I didn't get tired of it... I just came into some money and felt to try my hand at farming. this mourning I strapped my old alice pack to a dollie and started walking down the road to the next town 8 miles away to do some grocery shopping and got a ride when I was walking there and anouther when I was walking back. and now I'm longing for the open road again.... such good times


----------



## Mouse (Sep 4, 2010)

I got tired of traveling like a drunken fool. I stopped traveling because of legal problems. I shall travel again! (only better, smarter, fun..ner?)


----------



## 614 crust (Sep 4, 2010)

I only stopped due to probation. Once I'm off paper I'll travel again as well.


----------



## cranberrydavid (Sep 5, 2010)

I don't know if "got tired" is right, more like "got seduced by security". I met a woman and settled down to farming. 

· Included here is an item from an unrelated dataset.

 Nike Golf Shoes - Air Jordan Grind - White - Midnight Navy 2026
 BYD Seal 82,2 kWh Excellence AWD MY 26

I'd still go crazy if I didn't go walkabout a couple times a year. But after a month or 6 weeks of traveling and not knowing where I'm going to sleep that night, it's kinda nice to come home to the old farmhouse, lay down in my own bed, and know what's going to happen in the morning.


----------



## Mouse (Sep 5, 2010)

thumbs up to that Cranberrydavid. sounds like a good life, honestly


----------



## cranberrydavid (Sep 5, 2010)

Mouse said:


> thumbs up to that Cranberrydavid. sounds like a good life, honestly


 
It is a good life. The woman was a traveler too, though, so after 8 pretty good years she went off on her own adventure.


----------



## Mouse (Sep 5, 2010)

nice deal. at least she understands the need to escape at times.


----------



## Kalalau (Sep 5, 2010)

I never got tired of traveling... I just fell into stagnation a few times.... and got some stuff lined up a few times.. and messed it up a few times.. it's a good cycle I've got going on.. it's been happening since _I was 1._


----------



## Mouse (Sep 5, 2010)

so things were pretty cushy from about 0-.9, aye?


----------



## coldsteelrail (Sep 5, 2010)

I travel, and then i get a place, then get all unraveled and depressed, so then i go travel...only to start wanting to bake, grow gardens, feel like i belong to a community and learn...so i get a place, and the cycle continues. This is one huge world. I've never really fit into the drunk punk traveler scene, but i sure love cardboard, trains, and being somewhere new. It can be a curse, you know? The wander lust. It makes it really difficult to go to school, for instance. Or develop meaningful adult relationships and a sense of community. I feel at home where ever i am, but also out of place and itching to move on. It's awesome, b/c i know no matter what, i will never see enough of this world, i will always be a traveler. Kind of like how people are always alcoholics. I forsee having land, creating meaningful work, having a long-term lover, and a place to come home to that i built myself...but i know that i will always be planning the next adventure, or willing to go if the lonely road calls.


----------